Untuk Sebuah Kebanggaan

Kenangan cukup menjadi kenangan. Dan kau telah menjadi pelajaran bagiku, untuk segala perasaan yang tak perlu semua orang tahu. Kadang ku berpikir mungkin jika aku kembali dan menunggu disana masih ada senyummu yang bertutur ambigu , tapi banyak hal sekarang tak lagi penting seperti dulu. Cukup aku dengan ambisiku, kau dengan pengagummu.

Dan katakanlah aku seorang yang tak tahu diri, tanpa suatu yang pantas dan memuakkan. Tapi setidaknya banyak hal yang kumengerti tentang arti diam dan menghargai. Tentang kegagalan dan mimipi-mimpi tak tercapai. Tentang harapan dan kenyataan yang tak sejalan. Tentang ambisi dan obsesi yang balik menyerang diri sendiri. Setidaknya aku tahu bagaimana pedihnya hidup bersama penghinaan. Setidaknya aku mengerti bagaimana menyikapinya dan menemukan jalan untuk bangkit dengan kepala yang tak tertunduk, dengan bahu yang terus tegak.



Tenang saja teman, aku akan bangkit kembali setiap kali caci maki berduri menghampiri. Karena mulut mereka yang penuh sumpah tak cukup hebat mengikis impian yang dibangun diatas kebanggaan diri. Tak cukup kuat menghempas kepedulian karena masih tetap dengan perasaan yang sama. 

Ya memang benar, aku pernah mencintainya dan perasaan itu erat mengcengkram bahu ku ketika jenuh hampir mematahkan asa yang tersandung kegagalan. Kebanggan itu menggantung dipelupuk mataku ketika terbasahi oleh air mata yang diselubungi oleh kenaifan. Berhari-hari kupikirkan dan tak kutemui penyesalan karena kusadari ia dari waktu ke waktu telah menjadi inspirasiku. 
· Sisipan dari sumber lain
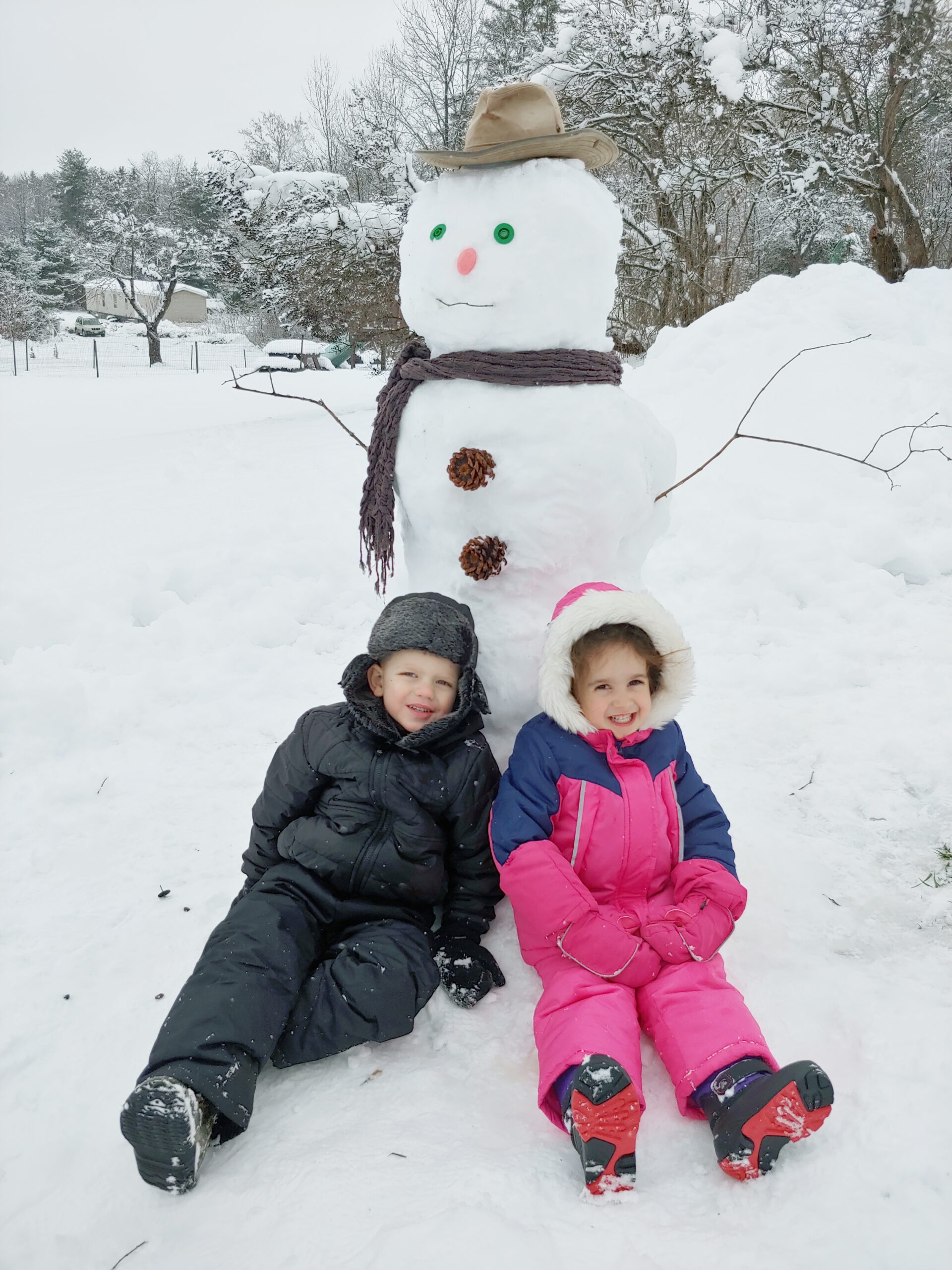 Children built a snowman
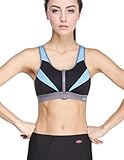 Yvette Zip Front Closure Sports Bra #7067-High Impact(One Size Up)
Ada kesedihan disana, tawa untuk menutupinya dan tangisan yang tersimpan. Tapi kehadirannya seringkali menjadi semangat untuk beban berat yang tak bisa gamblang terungkap. Bukan senyumnya, karena aku tahu ia tak punya satu saja untukku. Bukan kebaikannya, karena sinis yang tiap kali terungkap. Bukan materi, karena aku tak peduli segala yang ia miliki. Aku bertahan karena dalam hati dan pikiranku tak ada alasan untuk melepaskan. Tak ada alasan untuk menuntutnya. Tak ada alasan untuk memilikinya. Tak ada alasan untuk memilih dan dipilih. Karena aku dan dia bukan pilihan. Satu-satunya yang tersimpan dalam hati hanyalah eksistensiku sendiri. Hanya karena itulah aku, bukan dia yang hanya mengagumimu. Mungkin tentang kebaikan dan materi yang kau janjikan.

Aku sudah mengakhirinya dan tak berpikir untuk mengungkapnya kembali. karena kusadari bahwa ini adalah hidup dan bukan permainan yang harus menang untuk sebuah kebanggaan. Untuk banyak harapan yang terselip dan kutemukan dari bibir mereka, dari kemungkinan yang tercecer diantara langkahmu, ada satu kesadaran yang pasti. Harapan hanyalah harapan.

Di setiap kedukaan selalu ada teman yang memudahkan. Memberi kesembuhan dengan rasa nyaman.